Transportable Parallel Algorithms: from Theory to Practice
				   
			   David E. Culler
			     CS Division
			     UC Berkeley
				   
   Workshop on Portability and Performance for Parallel Processors
			   July 13-15, 1993

Parallel architectures have long seemed on the verge of breakthrough
in any one of many diverse directions: SIMD, Message Passing, Shared
Memory, Dataflow, etc.  This made the future very difficult to
predict, divided the research community along lines of belief,
frustrated attempts to develop a common theoretical model, and
essentially paralyzed the development parallel software.  However,
technological and economic forces have quelled the debate; for the
foreseeable future all large parallel machines will look essentially
like a network of workstations, with a fast microprocessor, large DRAM
memory, and sophisticated cache structure on each node.  The key
difference is that the network is considerably more power and robust.

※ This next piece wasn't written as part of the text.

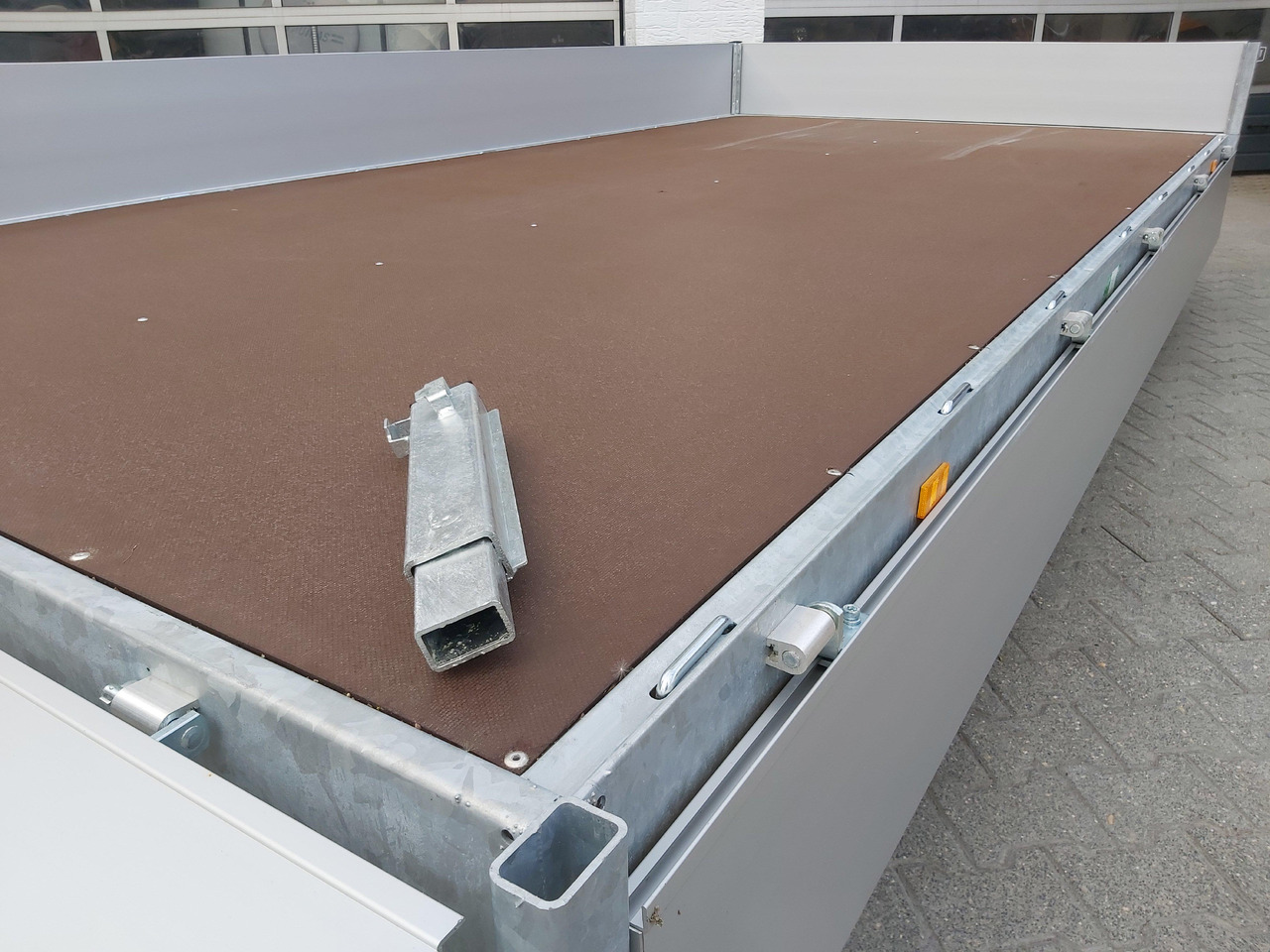 Reboque porta máquinas Multi Transporter 406x200x30cm Rampen Winde 13" niedrig Fahrwerk (XL) 3500kg Online Aktion: foto 7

Furthermore, Active Messages has demonstrated that all programming
models are built on the same primitive; the key difference is how it
is packaged: in hardware, system, or user level.  Thus, parallel
machines differ primarily in the costs of various communication
operations, not in basic functionality.  Given this convergence it is
reasonable to formulate an abstract parallel machine characterized by
its performance characteristics along a small number of dimensions to
serve as a basis for transportable algorithm design.  I will present
one such model, called LogP, and a programming extension to C, called
Split-C, which exposes the full capabilities of the model.  We will
examine the translation from theory to practice on the CM-5.